Article: Francois Masquelier (ATEL): Finance Sustainability and ESG

About Francois Masquelier About ATEL

Francois Masquelier, Chairman of the Luxembourg Association of Corporate Treasurers (ATEL) and CEO of SimplyTreasury shares his views on how ESG is reshaping the work of Treasurers.

CFO as creator of ESG value

The CFO’s play an important role in creating value and that is now much more than traditional financial value – it is about sustainability and creating impact. There is pressure on companies to demonstrate their sustainability credentials and technologies are becoming an increasingly relevant to the work of CFO. The technologies will ultimately make measuring and managing the ESG easier. With unprecedented amounts of data being generated, the application of AI and data analytics, we are now able to produce accurate evaluations of corporation’s environmental, social and governance (i.e., ESG) performances than it was previously possible. IT technology is an enabler for ESG better reporting. There is pressure on CFO’s to be able to understand and assess properly ESG-related risks and opportunities. Improving financial position of the company may be an incentive. For example, debt financing can get preferential conditions if they choose green or sustainability bonds or loans. More investors want to build portfolios that contain companies addressing such issues as human rights, diversity, climate change, carbon footprint reduction, etc.…
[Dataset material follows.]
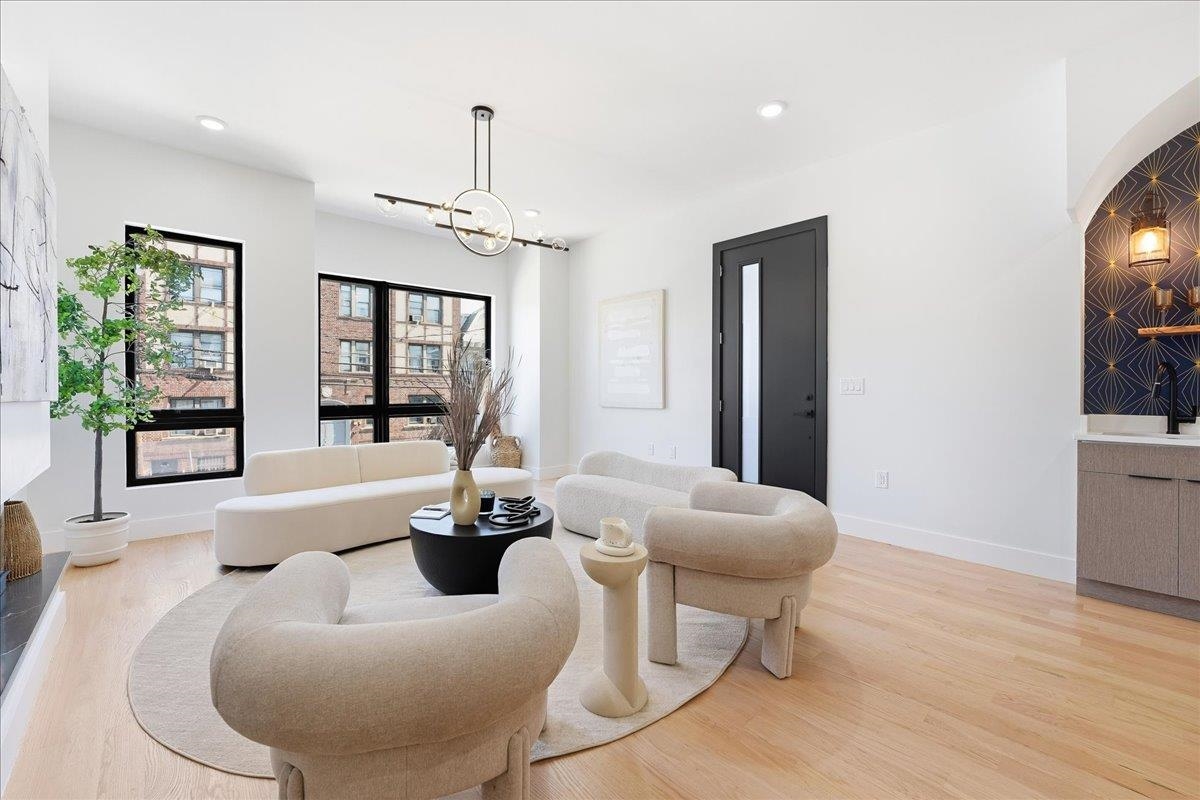 81 LEXINGTON AVE 1 Property Photo 1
It means that CFO’s must understand how to use technologies and data to show their company’s ESG performances and communicate them. The regulators impose more and more to disclose more information on climate risks. We can also mention the “European Green Deal” and many other local projects. “Decarbonisation” is a major objective for all of us. Initially, the objective was to disclose benefits for the environment and society. Now, it is to measure the impact on the company performance. As any other investment, money spent on technologies must provide the company with decent return on investment. And on top of investing in technologies, CFO’s must also invest in talents and new required skills to manage those data. The former “classic” CFO focusing only on profitability and maximizing the value for shareholders has vanished to favor a role focusing on a broader stakeholder model focused on establishing a sustainable economy. It is a cultural digital shift, sometimes complicate to achieve for CFO’s.

“When discussing ESG in corporate treasury, green financing is often mentioned as one of the main instruments (if not “the” ESG instrument) to support social responsibility objectives.”
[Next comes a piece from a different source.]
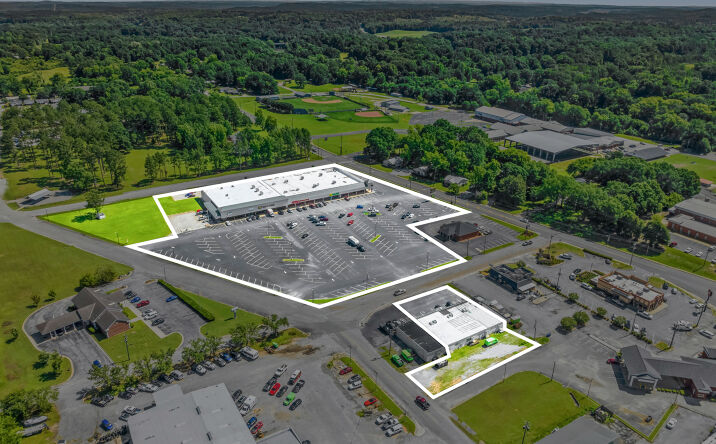 Pictures of Retail property located at 155 Birmingham Road, Centreville, AL 35042 for sales - image #1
Financing a sustainable future

Responsible investing is widely known as the integration of environmental, social and governance (ESG) factors into investment processes and decision-making. ESG factors cover a wide spectrum of topics that traditionally are not part of financial analysis yet may have financial relevance. Environmental factors relate to a company’s role in climate change, its use of natural resources, its pollution and waste, and the environmental opportunities it pursues. Social factors cover topics concerning human capital, product liability, stakeholder opposition and social opportunities. Governance factors include aspects regarding the corporate governance and behavior of a company.
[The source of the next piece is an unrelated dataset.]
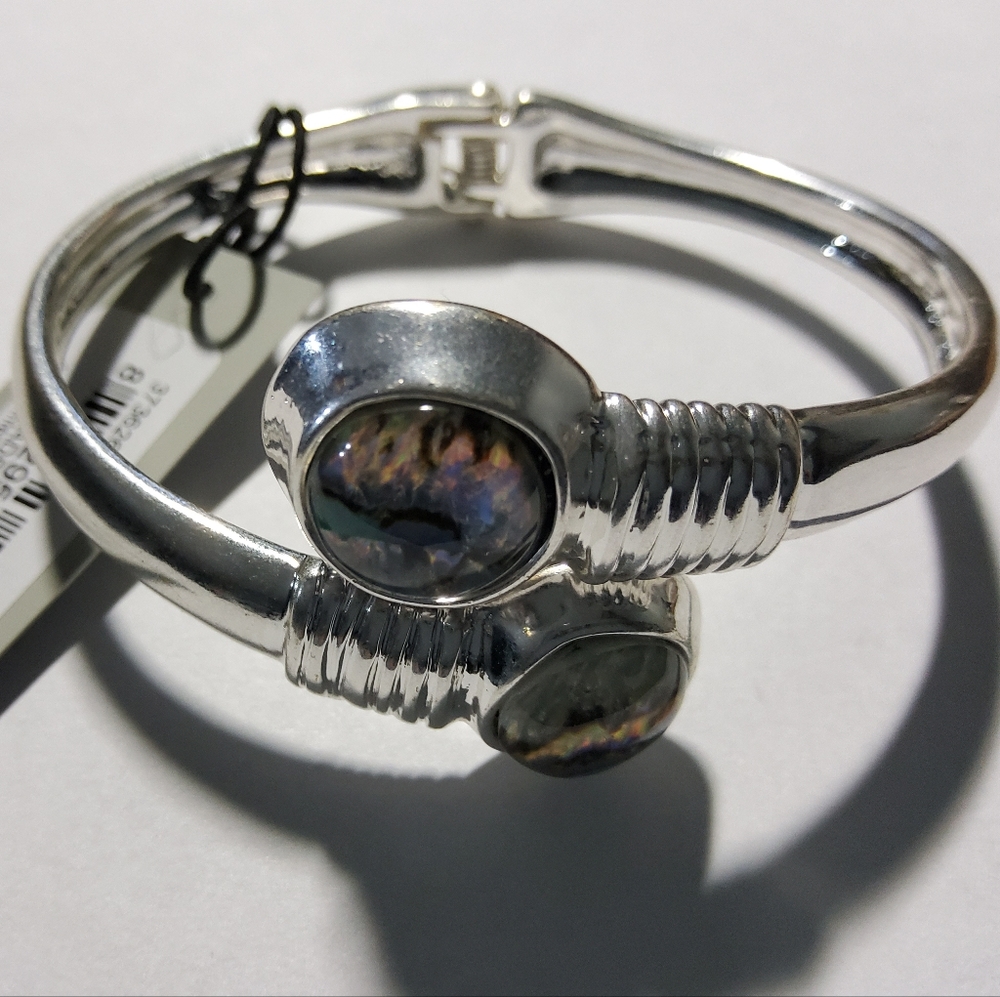 Robert Lee Morris Bracelet - Picture 3 of 9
Treasury’s contribution to ESG

When discussing ESG in corporate treasury, green financing is often mentioned as one of the main instruments (if not “the” ESG instrument) to support social responsibility objectives. Nevertheless, treasury can contribute to ESG in many other ways. For example, it can contribute by a through digital workflows, including fully digitalized form processes, record management, (e) payments and bank statement management. Corporate treasurers can also use their leverage with banking partners to try to abolish paper-based documents as much as possible. On top of these ideas, diversity and inclusion should be encouraged within treasury, by providing equal opportunities for everyone and creating a pleasant working environment. This could drive ESG adoption through the full chain, with the goal of embedding ESG into the selection and maintenance of external relations. Another example can be the rating agencies. It would be beneficial to hold a strong relationship with credit rating agencies to make sure they are well informed when it comes to ESG, to keep the company up to date regarding social responsibility best practices. Furthermore, treasury could contribute by setting up supply chain finance programs to incentivize suppliers to contribute to ESG factors. By implementing disruptive new technologies like RPA, blockchain derived technologies, data analytics and AI, a treasurer could increase productivity in an ESG friendly environment. However, as for all ESG initiatives, he/she needs to track and benchmark achievements in terms of ESG, by using consistently predefined metrics (even if it is often a question of culture and mindset to inoculate to the teams more than figures to achieve). It can be translated into objectives (e.g., paperless payment processes, cost of funding based on green rating, enhanced productivity by volume of operations per capita, by diversity criteria, days saved in the finance supply chain, by selecting ESG compliant MMF’s, etc.…). The treasurer, as any citizen, must stay informed of last ESG developments and standards to evidence his/her performances.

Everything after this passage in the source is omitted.